祭壇はわずかに4本の竹と、しめ縄だけで作られた最小限住居の中にある。なおさらお客様の態度は謙虚になるのである。
式典が始まる。何度も地鎮祭に列席してわかった。式典は神様への接待を模したものである。まず神官が八百万の神様を呼び、酒の栓をあけ、祝詞を読み上げ、安全といやさかを祈願する。その後、砂山に鎌、鍬、鋤をいれてこれからこんな工事をしますと神様に見せる。「鍬入れ」の儀式が終ると一息ついて、列席者がそれぞれ玉串(榊の枝に飾りをつけたもの)を神様に捧げる(奉てん)。そのときよく言う二礼二拍手一礼をする。
神官が酒の栓を締め、接待が終わり、神様は再び去っていく(昇神の儀)。ここまでが一連の儀式となっている。

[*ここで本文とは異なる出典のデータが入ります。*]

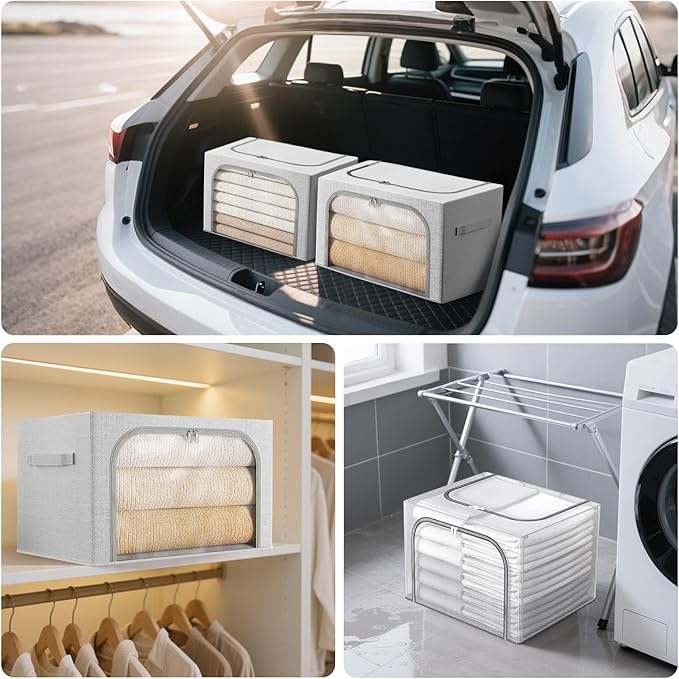 3 Pack Clothes Storage Bins with Metal Frame, Stackable & Foldable Linen Storage Box with Lids, Closet Organizers And Storage For Bedding, Blanket, Sweater, Baby Clothes. (Large 66L)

意味がわかっていて儀式に参加すると、あたかもこれは能のシンボリズムさながらである。儀式というより寸劇である。しかも観客参加型の寸劇といった方がいいかもしれない。何度出席してもその都度気分新たで、面白いものなのです。
地鎮祭が何度も出席しているわれわれ工事人にとってもいつも新鮮であること。その理由は私たちが「小さきもの」への思いを新たにするからだと考えている。神官は儀式中に何度も「御低頭ください」と参加者に言う。頭を下げるのである。われわれはそのたびに地面をかなり長い時間見つめることになる。
草が生えていて、その合間をアリが歩いている。土の中には微生物やミミズやオケラなどいろんな「小さきもの」が生きている。これから始まる工事で、土を掘り返してこれらの「小さきもの」たちの住処を破壊することになるということに思い至るのである。その業の深さに許しを請うために地鎮祭という儀式がある。神様はこの無数の「小さきもの」たちの代わりなのである。

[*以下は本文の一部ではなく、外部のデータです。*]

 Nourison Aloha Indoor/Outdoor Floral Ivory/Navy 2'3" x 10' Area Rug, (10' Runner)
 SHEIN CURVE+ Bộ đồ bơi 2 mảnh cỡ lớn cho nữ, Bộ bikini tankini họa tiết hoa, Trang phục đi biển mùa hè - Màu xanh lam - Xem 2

これは私が職業柄、数多くの地鎮祭に列席して感じている、自己流の地鎮祭解釈であるが案外地鎮祭のみならず、日本人の宗教心についての本質から外れていないと思っている。また、日本にこのような儀式があるということは実にすばらしいことだと思っている。この気持ちを工事人たる我々は、片時も忘れてはいけないのである。
エコロジーを表明することが贖罪ではない。もともと暮らしの中にある人間の業の深さに謙虚に面と向かう瞬間、それを的確にとらえ続ける以外人間の生きる道はない。私たち工事人は、何度もそれに気づかされる実に幸せな「小さきもの」なのである。